Report calls for ‘immediate action’ to save archeological sites threatened by climate change

Large swaths of important Arctic archeological sites have already been lost, according to the report.

By Kelsey Lindsey - August 2, 2018
The Nunalleq archaeological site sits next to the Bering Sea near Quinhagak. The dig is filled back in at the end of the season to protect it in winter, and sand bags are packed across the face of the bluff to slow erosion. (Sven Haakanson)

As the Arctic continues to warm faster than anywhere else on earth, the archaeological record will be one of the unlucky victims.

That’s one of the findings of a recent article written by scientists from Denmark, the U.K, Norway, Canada, Russia and the U.S., published earlier this summer in the journal Antiquity. While the Arctic’s cold climate had been ideal for preserving the region’s archeological artifacts, these archives are being destroyed and damaged as the climate warms.

Looking at published articles and reports, the authors identified a few pressing threats to archaeological sites in the Arctic, including coastal erosion, permafrost thaw, tundra fires, tourism and vegetation increase. While thawing permafrost has been threatening archeological sites for years, the authors also stated that there has been a recent increase in damage from these events.

In the Auyuittuq National Park Reserve in Nunavut, 24 out of 48 archaeological sites are at a high risk of soil disturbance due to permafrost destabilization. Near Utqiagvik (formerly Barrow), Alaska, coastlines inhabited by Alaska Natives for at least 4,000 years are being lost to coastal erosion. And as boreal forests expand into the Arctic tundra, soil changes and an increased root depth may increase the decay and damage of archaeological materials.

“It’s a catastrophe. A majority of sites, including many of the most important ones, are already gone,” Max Friesen, an Arctic archeologist at the University of Toronto and report author, told The Globe and Mail.

But, as the report acknowledges, conducting Arctic research can be difficult. Both expense and logistical difficulties deter science in these remote locations, meaning that not all of the threatened sites will be excavated before they are compromised or disappear completely. Because archaeologists are unprepared to respond to a scenario where all of the archaeological sites are impacted at the same time, the study’s authors recommend developing a system to identify the most vulnerable sites.

“The erosion processes occurring along the north coasts of Alaska, the western Canadian Arctic and in parts of Siberia are already so frequent and destructive that immediate action is needed,” the authors wrote.

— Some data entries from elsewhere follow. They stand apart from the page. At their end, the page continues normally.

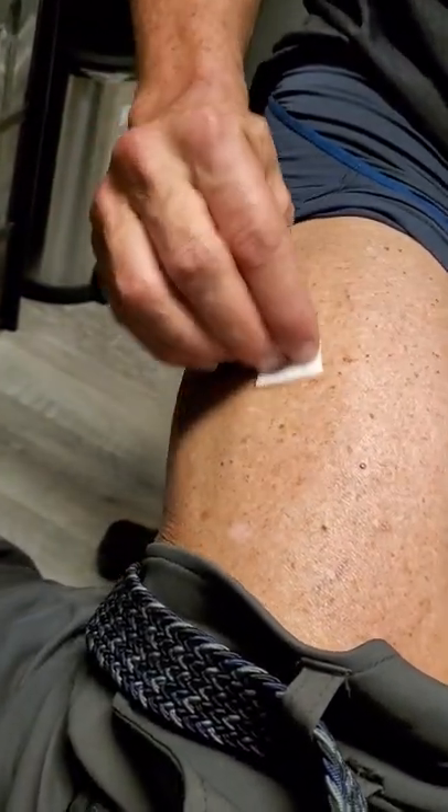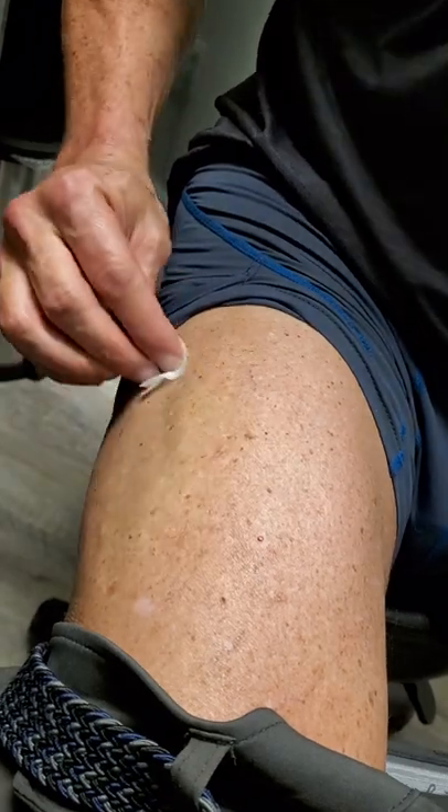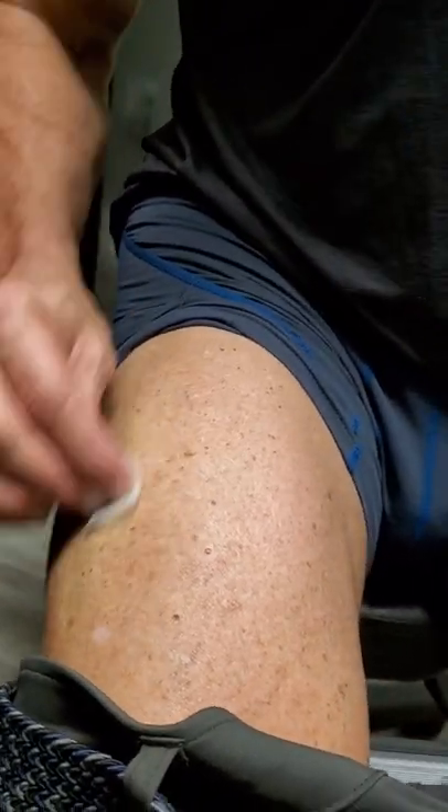This is how you do a thigh injection for your testosterone. You're going to always want to focus on this outside quadrant here — it can be anywhere in this area. If you're up here in the top, you've got a better chance of hitting a vein or a nerve. If you're out here, you're not going to.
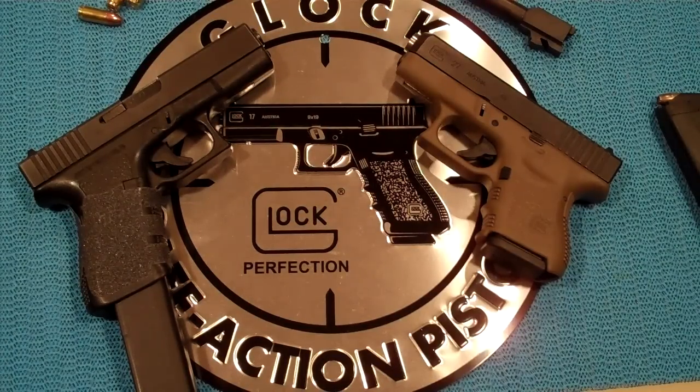Hello there friends, this is my contest entry into Bees Like to Watch subscriber giveaway. He wants to know what our modifications are on our Glocks and I'm going to get to that.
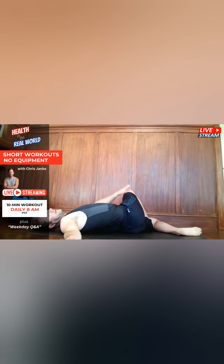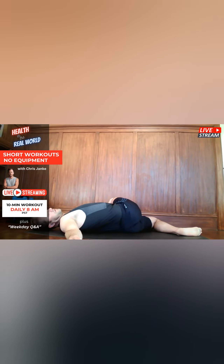All right, go ahead and grab onto that knee. Pull the knee toward you, toward the floor. Again, you might be feeling this in the leg. You might feel the hip.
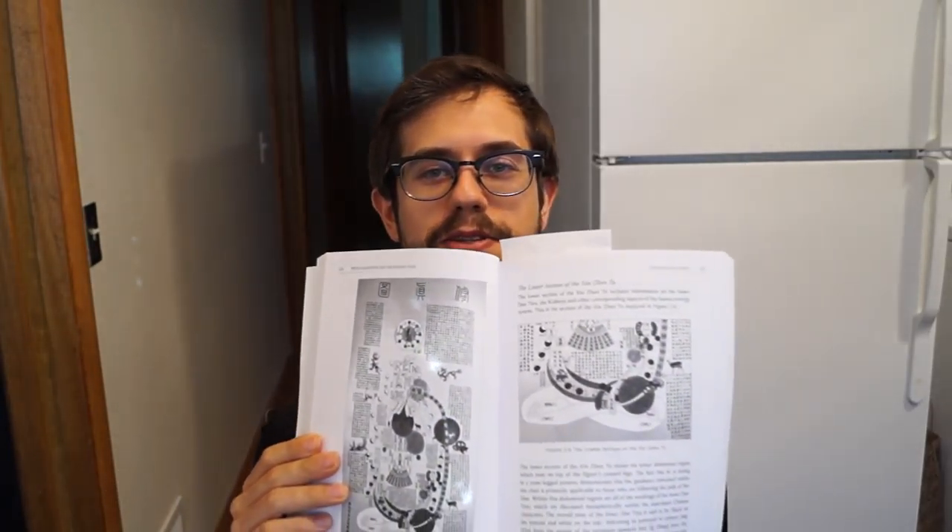There's some pretty amazing charts in here — for example, the Neijing Tu, and another chart I won't try to pronounce. To most people, to pretty much everyone, you look at something like this and it makes no sense at all — it's just complete gobbledygook, for lack of a better word. But in the book, Damo really starts to break down what it actually is and what it means, and it's really not that crazy after all.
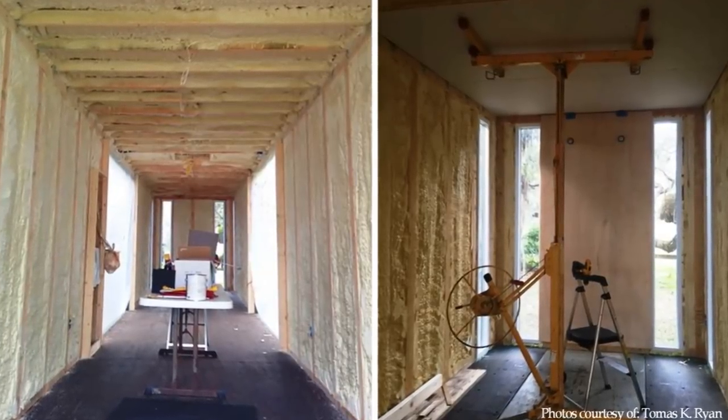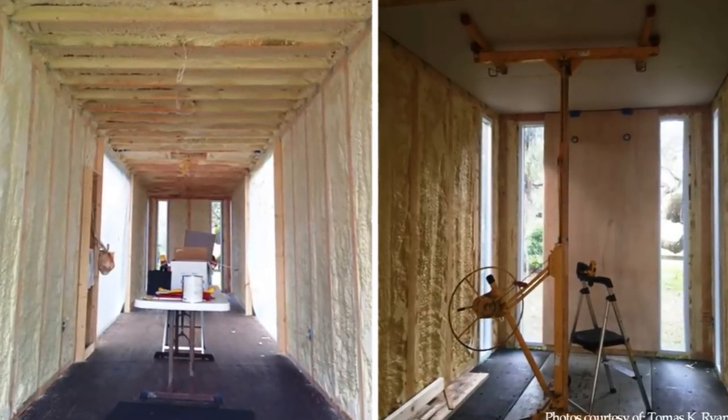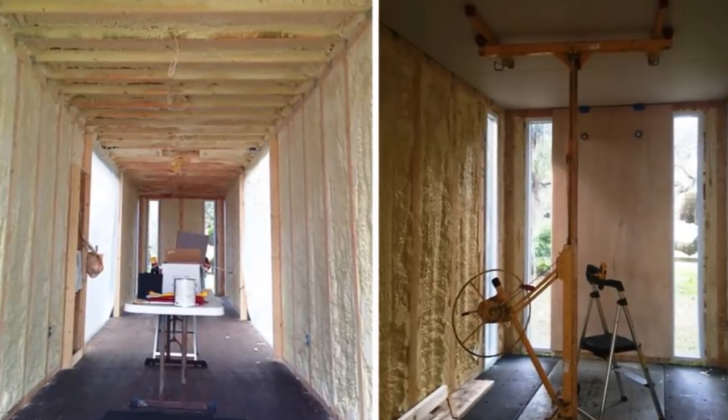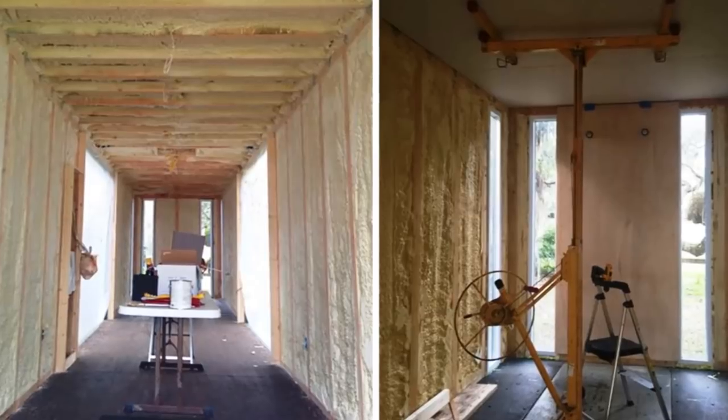The spray foam insulation is approximately 1.5 to 2.5 inches thick — applied on the walls, 3 inches thick on the ceiling, and 1 inch thick under the floor.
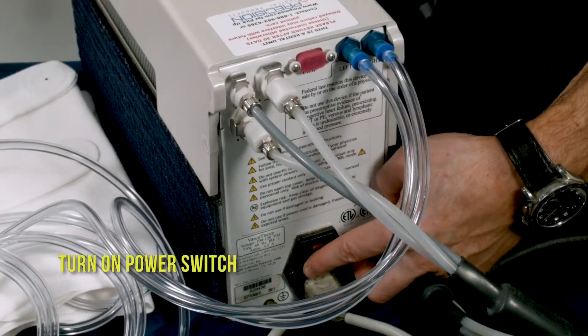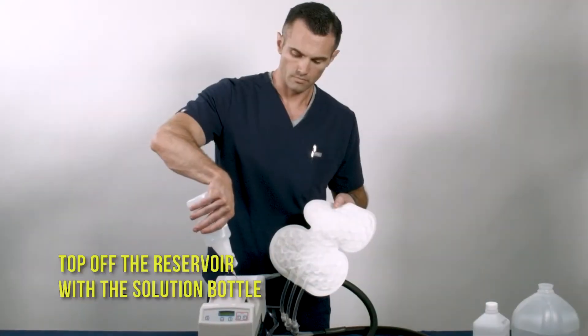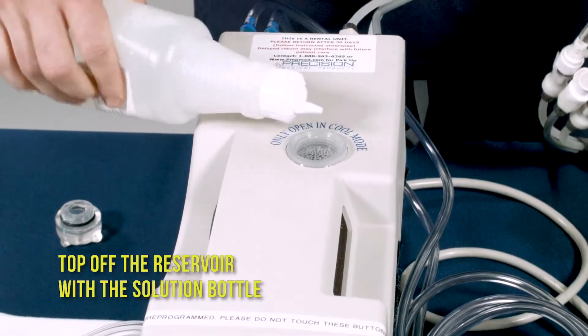Turn on the power switch. Top off the reservoir with the solution bottle.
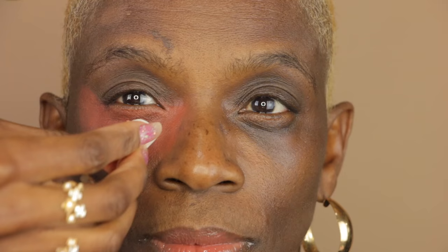Now I'm going to take a triangular sponge and blend out that color corrector even more. This just makes it look more even and also soaks up some of the oiliness from the corrector.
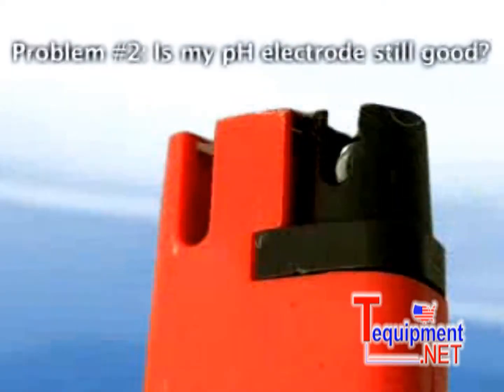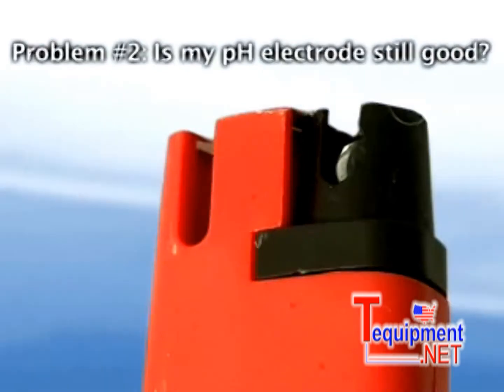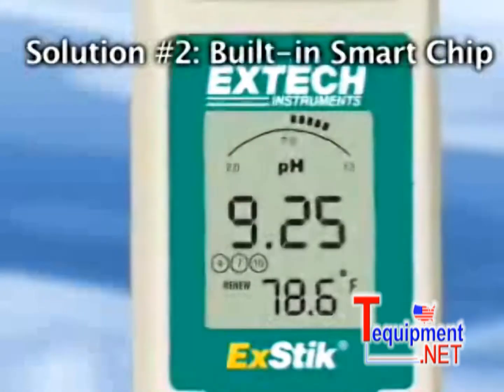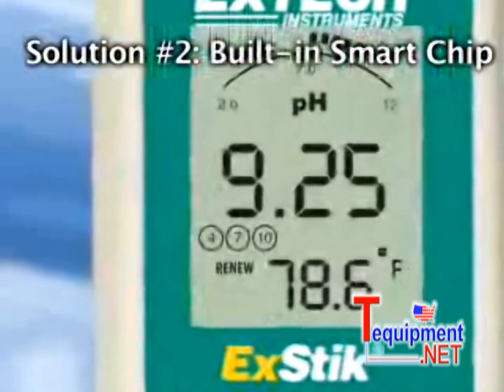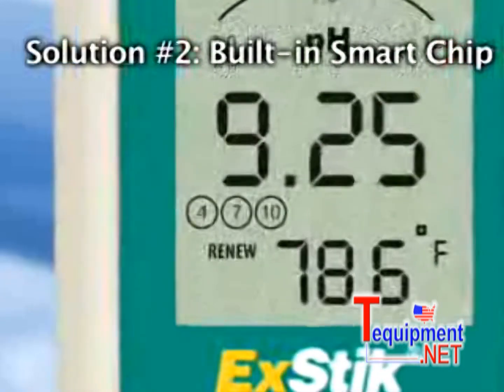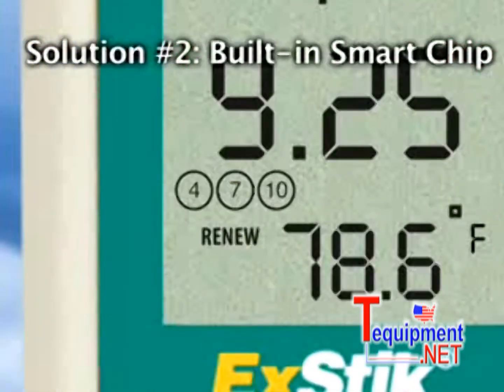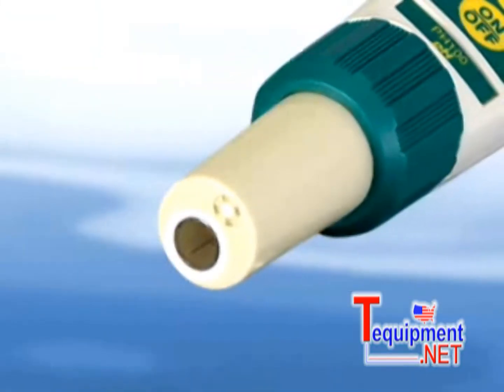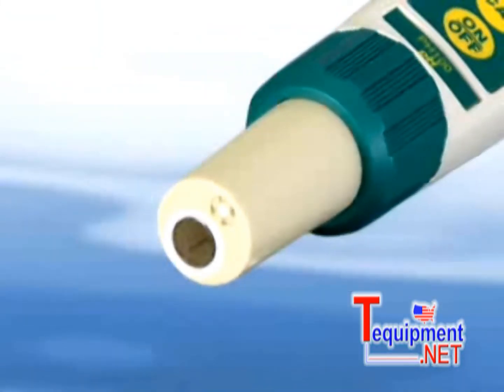Problem number two: uncertainty of not knowing how long the electrode will last and also the shelf life of storing an electrode. The built-in smart chip alerts the user when to replace or refill the EXTIC pH electrode. A renew indicator will appear when the meter senses the electrode not delivering optimal performance, telling you it is time to service or replace the electrode.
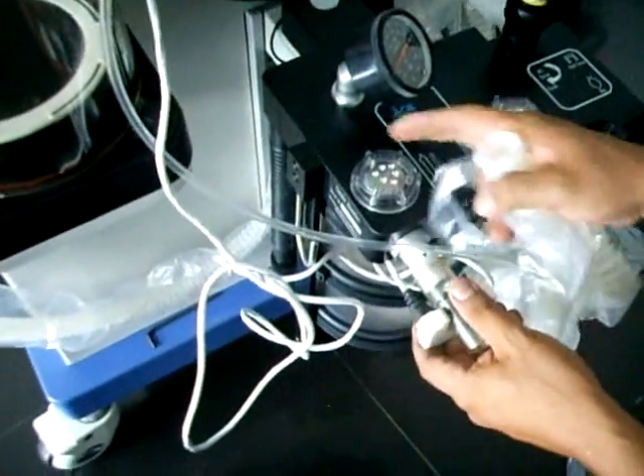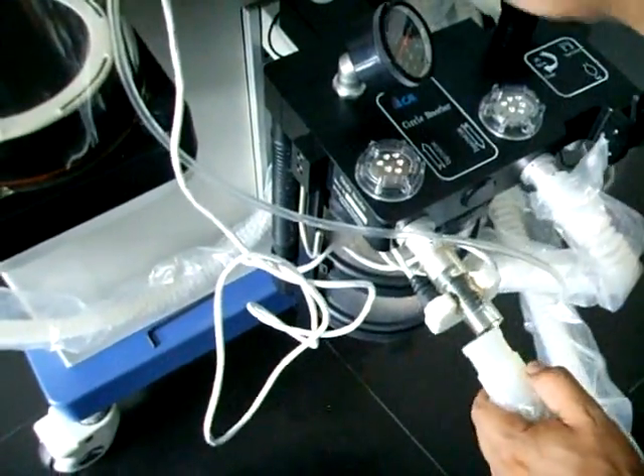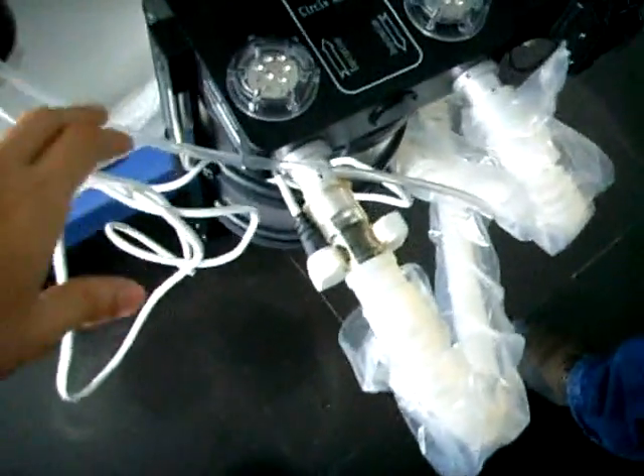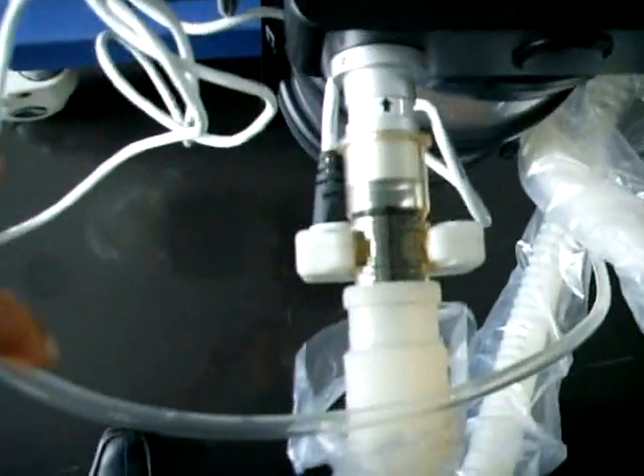Este sensor, por medio de la turbina, debe ser conectado entre la válvula aspiratoria y el circuito de paciente, para poder realizar las mediciones.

Beyond archeological artifacts, scientists are also losing records of past climates as the Arctic warms. Ice cores are a valuable archive that have tracked the ups and downs of the Roman Empire, ancient carbon dioxide concentrations and past temperatures — and as they melt, these records are lost.

Launched in 2015, the Ice Memory project is looking to preserve ice cores from threatened glaciers around the world. The organization hopes to store them in a natural freezer in Antarctica, where they will be protected for years to come.